Quite legitimate concern about my concern. And she is someone for whom I have always had a lot of respect, for her pioneering work with immigrants and minorities. I could not take her criticism lightly.
I replied: “PH: Clarification: it’s a non-issue not because it’s not critically important for the society and especially [for] women, and of course it has long-term consequences. It’s a non-issue for this election which is (should be) primarily about the economy and how corporate America has stolen both the economy and democracy from us — with help from Republicans and Democrats alike. Liberal media will do more of such diversion in the coming months, and at the end of the day, both parties would love to fight it out (as in a bullfight with a red piece of cloth and sword dangling) on those other issues such as guns, God, gays, and such (with no denigration of these values whatsoever). Media love this diversion, because it also sucks people into these two parties, with practically no room to talk about a third alternative.”
Another Facebook friend HB whom I recently came to know and immediately understood her major talent, wrote:
“It is very much an issue because who we elect (at any level of the government) impacts funding and public policy and the way the social contract in this country is drafted. We must be attuned to every elected official’s attitude towards women and minorities as combined we are the MAJORITY! Our issues are the country’s issues and our well-being is the country’s well-being. Now, being familliar with your politics Partha, I know you agree with this basic sentiment. So please explain why this is a non-issue to you? Is it because it is a smoke signal to not talk about the war and the economy in this election season? If so, I agree. However, it is important to address Akin’s comments because he has a say so in our country’s politics as an elected official.”
Absolutely. I have no disagreement with her either. I just wanted to clarify my controversial position a little more. I responded:
“[HB]: But if there is no money at all because the Federal Reserve, banks and Wall Street stole all the money with help from the two big parties, where is any funding going to come from? I knew it would be a sensitive topic to discuss, and I have no regrets that I brought it up so bluntly. Point I’m making here is, what’s the root cause of all the liberal-conservative debate (if there was one)? Answer is: it’s the economy. That is the discussion the two parties, media and Wall Street do not like us to discuss. Hence, the frenzy.”

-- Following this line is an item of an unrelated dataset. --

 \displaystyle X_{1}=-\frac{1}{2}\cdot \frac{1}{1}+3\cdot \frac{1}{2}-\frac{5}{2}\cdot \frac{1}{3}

Then, in my usual, narcissistic way, I went on [for which you must hate me: in fact, I hate myself a lot for this inability to restrain myself and my ego, as if it is the end of the world and that I must win over any argument — and I call Akin stupid?]:
“Emotions will not get us far. A level-headed discussion on economics and the current political system’s exploitation of the economy will. If there is one, we’ll see how bankrupt this two-party system is, and how it has stolen the democracy from us the ordinary people. If there’s one, we’ll see the absolute need to create a third choice. Corporate America and its political establishments do not want us to get into that discussion. Hence, the frenzy.”
“Who we elect matters, of course. But then what? Are they going to change the economic structure, or are they going to make cosmetic changes to perpetuate the status quo? Don’t go any further: just look at Clinton and Obama. We had SO much expectation from them! Has anything changed at all? Has democracy returned to We the People? We need systemic change, and not cosmetic change. Economics is at the heart of it all.”
That is the introductory conversation I thought I could extract from Facebook because of it’s urgency and relevance, and post here on my blog — for the many other readers who don’t keep track of my Facebook activities [believe me: you are better off not doing it].
I hope you think about it and let me know your thoughts. Criticize me as much as you like. But think before you do.
Brooklyn, New York
Post Script. — I also wrote this one last comment to sum it up: “Finally, I did not include a cursory note such as “I didn’t mean to hurt anybody’s feelings…” etc. because I thought that would be superfluous, especially for people who have known me for years.”
December 14, 2012. — Another scary, sad and traumatic day with a new gun rampage in Newtown, Connecticut, USA. At least 18 children were killed by gunman in an elementary school. I wrote on my Facebook page: This is not a civilized country. And God does not save the innocent.
“The NRA is an organization that is adamant about no controls on weapons, in spite of the fact that we have federal laws that say you cannot sell guns to minors, to people with psychiatric problems or drug problems, or convicted felons. And yet they pressure Congress and the White House, and they’ve been doing it for decades, to not fund enforcement of those laws.”
Now, after today’s gun horror in Aurora, where a mass killer killed and hurt a large number of innocent people, President Obama said that the tragedy serves as a reminder that “life is very fragile.”
“Our time here is limited and it is precious. And what matters at the end of the day is not the small things, it’s not the trivial things, which so often consume us and our daily lives. Ultimately, it’s how we choose to treat one another and how we love one another,” he said.
I am very happy to know that President Obama still did not lose his poise and eloquence even after this gruesome mass killing that shook the entire world. Really, he should not because he is the president of USA; a president must keep his poise and emotional balance even under extreme circumstances.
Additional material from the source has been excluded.